I've learnt in class that charges store up on capacitor plates (the electrons). But why don't the electrons just jump across capacitor, what stops them? At first I thought perhaps it might just be the air molecules, as they are insulating and have no charge carriers, the electrons wouldn't have enough energy to barge their way through.

How about if I had a capacitor in a vacuum though? Would the electrons just be able to leap across the capacitor because there is nothing there to stop them? If this were the case however, the capacitor could theoretically be any separation and the electrons would simply float across, which seems absurd, so there must be something stopping the electrons from leaving?

  • $\begingroup$ What makes you think that a vacuum is a conductor? A vacuum is a better insulter than air. Generally, it is the ion content of the medium that determines conductivity. (excluding known elemental conductors, like copper.) For example, pure water is a fairly good insulter. Impurities and things like salt, which breaks into its component ions, are generally why we think of water as conductive. -See: google.com/… and en.wikipedia.org/wiki/… $\endgroup$
    – CoilKid
    Mar 13, 2015 at 23:57

2 Answers 2


This is quite an interesting question.

First - air is a (poor) conductor. See this earlier answer for some details on how well (or poorly) air conducts (especially when the relative humidity increases).

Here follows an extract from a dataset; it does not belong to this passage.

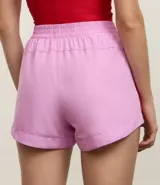 Bermuda deportiva modelo runner de la marca Get Over, confeccionada en poliéster. Presenta un diseño holgado con cintura elástica, bajo redondeado y rayas laterales decorativas.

Next - vacuum as an insulator. You are right that once electrons are "in space", a vacuum doesn't provide much impediment. This is why cathode ray tubes (old TVs, oscilloscopes) and other vacuum tubes could work. But you might know that these typically contain a hot cathode: a filament that is heated, and that then gives off ("evaporates") electrons. The hotter the filament, the more electrons. This is a good way to regulate current in vacuum tubes (to this day, it's how X ray tubes work!).

The analogy of "boiling off" the electrons is quite good. Just as water, when heated, will evaporate more vigorously, so electrons will escape material more readily when they are hot. And just as some liquids have lower boiling points than others, different materials have different "work functions" - the amount of energy that an electron needs to be given before it can escape.

This was demonstrated, of course, in the early 1900's when it was shown that shining light of a certain wavelength or shorter could excite electrons and cause them to escape from metals (the photoelectric effect) but that longer wavelength light, regardless of intensity, could not. This was actually later understood to be caused by the particle nature of light and one of the first piece of experimental evidence of quantum mechanics (for which Einstein got a Nobel prize).

Back to the electrons and their work function. I wrote an answer about this a while ago: that was actually more detailed, looking at the velocity distribution of electrons that do escape. Taking a step back from that, electrons in a metal behave a bit like a gas: they move around randomly, bump into each other, and their velocities follow the Boltzmann distribution. This means there are always a few highly energetic ones around - more when the metal is hot. There is a natural energy barrier keeping the electrons bound to the metal, and electrons with energy greater than that can and will escape. This is described in this wiki article.

Perhaps you have already understood that a capacitor in vacuum can also lose charge when exposed to light: so if you want your vacuum capacitor to hold charge for a long time, you have to keep it cold and dark.


The same question could be asked about electrons in atoms. Why on Earth do they remain bound to the nucleus instead of floating around freely? The answer to this question and to yours is that the nucleus (in the case of atoms) and the metal (in your case) is offering a quite cozy place for the electrons to be and leaving it is quite costly in term of energy.

From an energetic point of view, electrons have to move across a huge barrier to go to the other side and in normal capacitors the applied potential difference is simply not enough to provide this missing energy.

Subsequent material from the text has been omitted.